Gaitán se propuso reunir al país nacional. Arrancó de liberales –aunque ese fuera su partido– y comunistas los liderazgos sindicales, que pasaron a ser gaitanistas en vez de obedecer a burocracia alguna. Incorporó a conservadores, los liberales puros protestaron –y El Jefe insistió una y otra vez en que la reconstrucción del país debía hacerse con elementos de todos los partidos, lo que además dejaría de ser relevante en breve, pues el sistema político se iba a refundar sobre categorías distintas, y entonces dichos partidos iban a desaparecer del modo en que se les conocía. El Movimiento por la Restauración Moral y Democrática de la República creó una estructura organizativa propia, de la confianza de Gaitán, que así terminó por ser el único líder de masas en Colombia, capaz de convocar y movilizar a cientos de miles. Se trataba de un movimiento desconcertante de tan plural, máxime en una sociedad con las identidades políticas tan bien definidas en sus partidos liberal y conservador. ¿Qué era eso de andar mezclándolo todo?

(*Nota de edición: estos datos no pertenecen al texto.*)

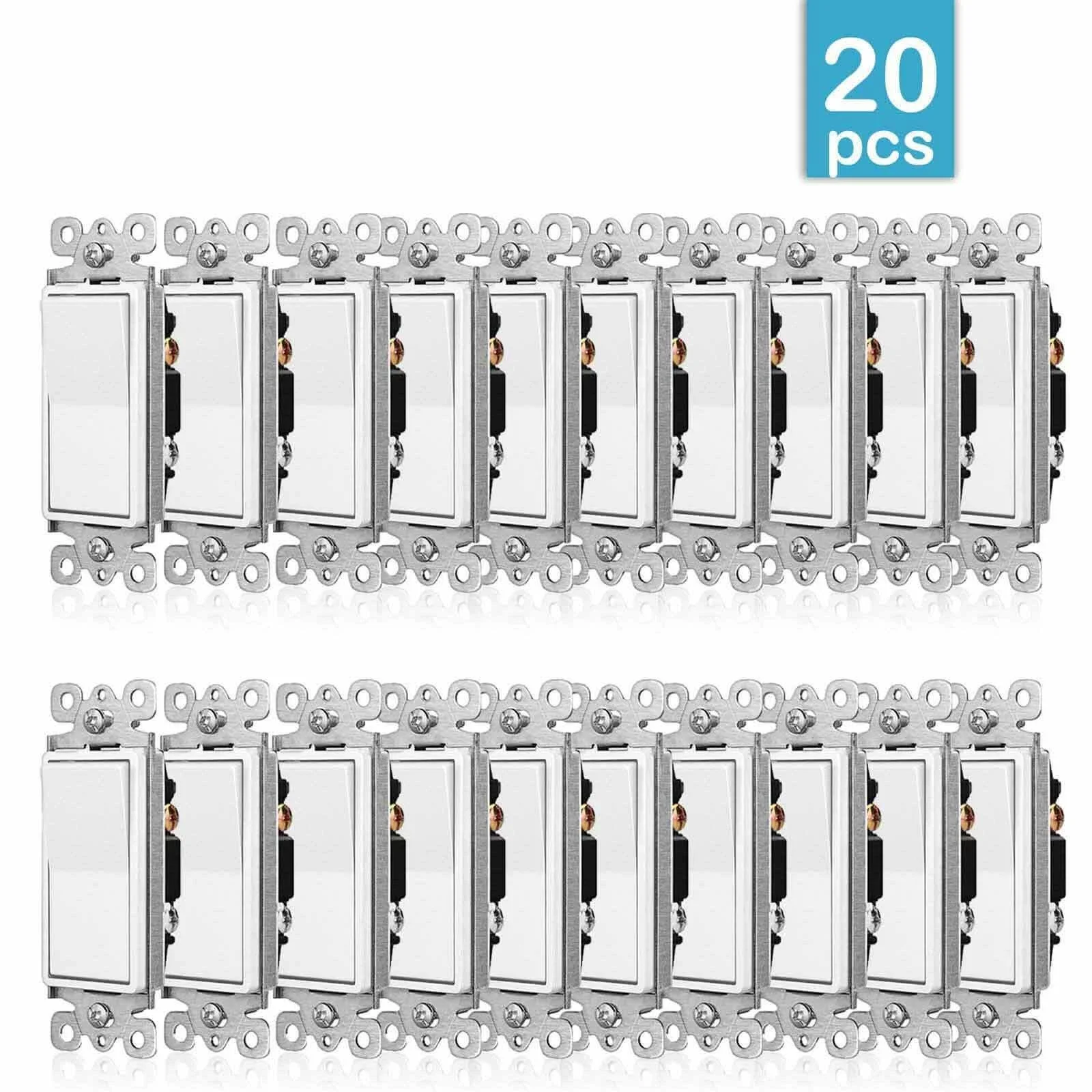 

5-20 шт. 15A кулисный прерыватель, выключатели света, однополюсные настенные пластины, переключатели UL, белые для жилых и коммерческих зон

Su perfil difería radicalmente del de otros líderes, elegantes señoritos formados en las escuelas y los cafés donde practicaron para el debate parlamentario. A Gaitán, el indio Gaitán, como también le decían, le reprochaban en la prensa incluso su forma poco educada de reír, de mostrar todos los dientes –una marca étnica que a menudo se caricaturizó, literalmente.
En la elección del 46, Gaitán ganó todas las ciudades, arrasó. Pero perdió el país, en gran medida por el voto campesino, atado a los partidos tradicionales que se llenaban la boca de democracia pero sometían a sus pobladores, a quienes no consideraban ciudadanos. Pero El Jefe se reinventó después de la derrota, y emprendió una campaña por la paz, una campaña abajo, porque la violencia se estaba ya gestando, mucha gente desplazándose, otra muriendo, por los más diversos motivos, pero con especial saña contra los liberales.

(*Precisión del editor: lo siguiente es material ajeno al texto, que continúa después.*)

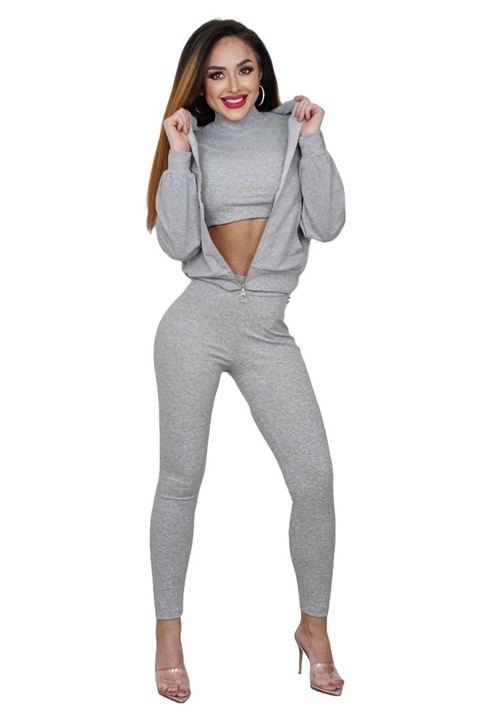 Compleu sport din 3 piese: bluza crop-top; colanti si hanorac cu fermoar M/L, Gri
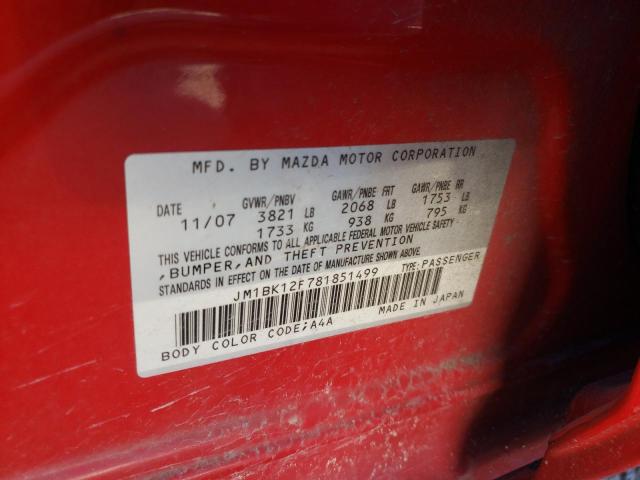 Photo 10 from auction – 2008 MAZDA 3 I with VIN JM1BK12F781851499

En un contexto de violencia, el pacífico Gaitán llamaba a la reconciliación de todos. El aguerrido Gaitán lanzaba invectivas contra la oligarquía, tan desentendida del país nacional. En ese camino, representando cada vez a más sectores descontentos y penetrando cada vez más en el campo, era casi inminente que su andar lo llevara a la presidencia, para intentar la restauración moral de la República por la que había luchado siempre. Pero ese mismo cúmulo de intereses resultaba amenazador para algunos, y entonces lo mataron el 9 de abril de 1948. Y la política oligárquica prevaleció por largas décadas en Colombia, la violencia siguió y empeoró.